Sometime later, with Bella also working as a bookkeeper and shorthand typist, he decided to open a panel beating shop in Germiston. After operating successfully for six years, he lost everything after making some poor investments.

His brother, Henry Jaffe, who lived in Pretoria, insisted that Jaffe, Bella, and their three small children, Brian, Neil, and Caron, come to Pretoria to stay with him until they could get back on their feet.

Moving in with Henry for about three months in 1960 proved a turning point in their lives. Jaffe raised the money to buy a shop in the Pretoria central business district, which he ran for six years.

Then, 45 years ago, he bought the business which has remained in the family ever since, Valhalla General Dealers. At the time, “it sold everything from bicycle parts to ladies’ panties”, Jaffe says. “I threw everything out, and turned it into a hardware store.”

The business expanded over the years into several adjoining shops, and Jaffe bought the entire property.
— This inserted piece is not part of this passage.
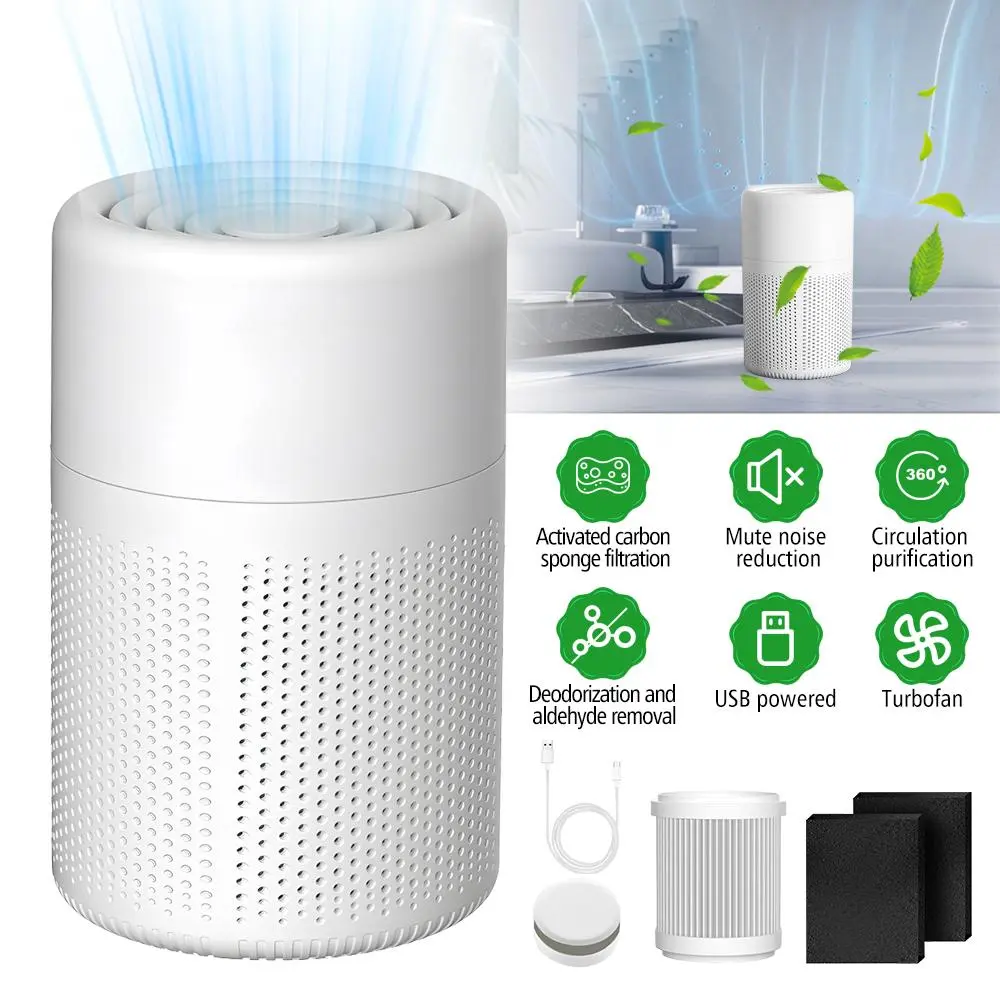 20dB Quiet USB Powered HEPA Air Purifier – Air Filter Eliminator for Home, Office, Bedroom & Desktop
Jaffe and Bella retired in 2000 to live permanently in their holiday flat in Umhlanga. Their sons, Neil and Brian, who had joined the business early on, took over from their father and their grandson, Craig, also now works there.

They moved into Jaffa when Jaffe was 84. “But I wasn’t ready for it,” he says, so they moved back to Umhlanga, returning to Jaffa finally when he was 93 and Bella was 88.

They are both happy at Jaffa. “I would say Jaffa is the best Jewish old-age home in the country,” he says.

It didn’t take long for him to start his exercise classes at Jaffa, eventually taking them three times a week. He is the oldest in the group, with several in their nineties and others in their eighties and seventies.

“They are getting fitter now,” he says, “exercise improves their flexibility and mobility”.

Their recipe for a good marriage? Bella says simply, “Just listen to your husband.”

“I married the right partner,” Jaffe says. “We’ve never had an argument of real foundation. We’ve had a very good marriage. We’ve got three children, eight grandchildren, and 11 great-grandchildren.”